Cape Verde Ambassador to Germany
- In office 2015–2019
- President: Jorge Carlos Fonseca
- Preceded by: Maria Cristina Rodrigues de Almeida Pereira
- Succeeded by: Theonilda Maria Silva

Personal details
- Born: November 1, 1968 (age 57)
- Alma mater: Catholic University of Portugal

= Jacqueline Maria Duarte Pires Ferreira Pires =

Cape Verdean diplomat

Jaqueline Maria Duarte Pires Ferreira Rodrigues Pires (born November 1, 1968 ) is a Cape Verdean diplomat. From 2015 to 2019, she was Ambassador to Germany.

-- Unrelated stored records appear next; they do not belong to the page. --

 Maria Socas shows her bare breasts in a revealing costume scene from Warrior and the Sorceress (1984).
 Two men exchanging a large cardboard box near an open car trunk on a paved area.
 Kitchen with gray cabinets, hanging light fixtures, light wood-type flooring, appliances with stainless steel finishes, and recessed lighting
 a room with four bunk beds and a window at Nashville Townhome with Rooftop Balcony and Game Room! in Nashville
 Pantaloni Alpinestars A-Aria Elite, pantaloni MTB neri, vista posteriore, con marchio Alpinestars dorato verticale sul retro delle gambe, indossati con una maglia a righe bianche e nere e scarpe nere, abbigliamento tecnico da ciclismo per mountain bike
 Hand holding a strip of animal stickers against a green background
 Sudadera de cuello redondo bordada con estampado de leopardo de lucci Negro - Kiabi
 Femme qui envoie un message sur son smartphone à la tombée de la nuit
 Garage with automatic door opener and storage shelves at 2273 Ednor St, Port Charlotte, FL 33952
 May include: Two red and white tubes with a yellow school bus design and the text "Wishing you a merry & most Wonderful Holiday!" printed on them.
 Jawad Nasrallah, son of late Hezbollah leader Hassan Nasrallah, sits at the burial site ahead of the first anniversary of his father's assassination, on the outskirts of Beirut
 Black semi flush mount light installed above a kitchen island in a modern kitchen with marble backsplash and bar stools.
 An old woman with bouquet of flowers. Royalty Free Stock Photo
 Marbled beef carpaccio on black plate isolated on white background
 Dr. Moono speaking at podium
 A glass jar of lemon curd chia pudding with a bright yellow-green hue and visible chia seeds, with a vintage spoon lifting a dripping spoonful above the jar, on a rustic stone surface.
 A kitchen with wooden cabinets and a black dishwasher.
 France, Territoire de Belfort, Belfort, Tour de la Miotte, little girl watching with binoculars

She graduated from University of Lisbon, and Catholic University of Portugal. In 1995, she was embassy secretary. From 1998 to 2001 she worked as a consultant with the United Nations. In 2001, she became an advisor to the Cape Verdean Foreign Minister. From 2004 to 2009, she was an advisor to the Executive Secretary of the Community of Portuguese Language Countries. From 2010 to 2012, she was Deputy National Director for Political Affairs and Cooperation at the Cape Verdean Foreign Ministry. From 2012 to 2015, she was diplomatic advisor to the Prime Minister.